> [What to do]
Repeat the listing below verbatim, without its images.

> [Data segment]
________________________

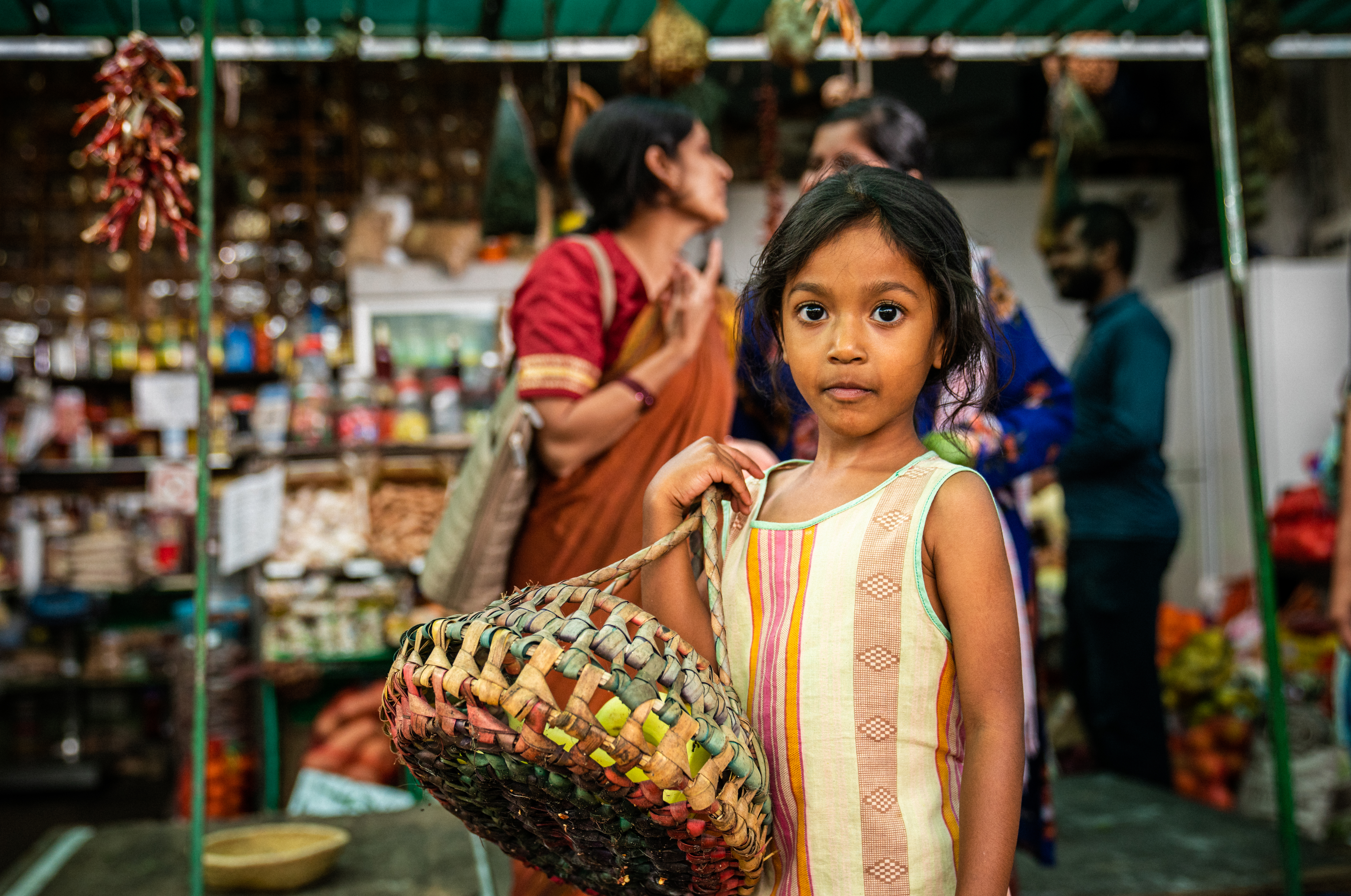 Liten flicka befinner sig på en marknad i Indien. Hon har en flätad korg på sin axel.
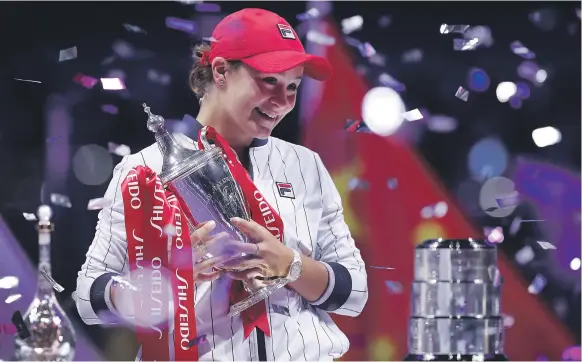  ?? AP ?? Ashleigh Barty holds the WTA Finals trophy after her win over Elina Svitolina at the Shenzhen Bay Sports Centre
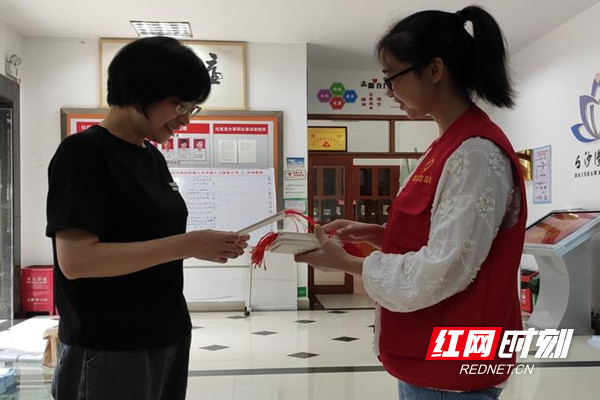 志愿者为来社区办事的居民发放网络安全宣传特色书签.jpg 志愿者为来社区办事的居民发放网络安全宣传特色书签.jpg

________________________

> [Solved exercise]
 Liten flicka befinner sig på en marknad i Indien. Hon har en flätad korg på sin axel.
  ?? AP ?? Ashleigh Barty holds the WTA Finals trophy after her win over Elina Svitolina at the Shenzhen Bay Sports Centre
 志愿者为来社区办事的居民发放网络安全宣传特色书签.jpg 志愿者为来社区办事的居民发放网络安全宣传特色书签.jpg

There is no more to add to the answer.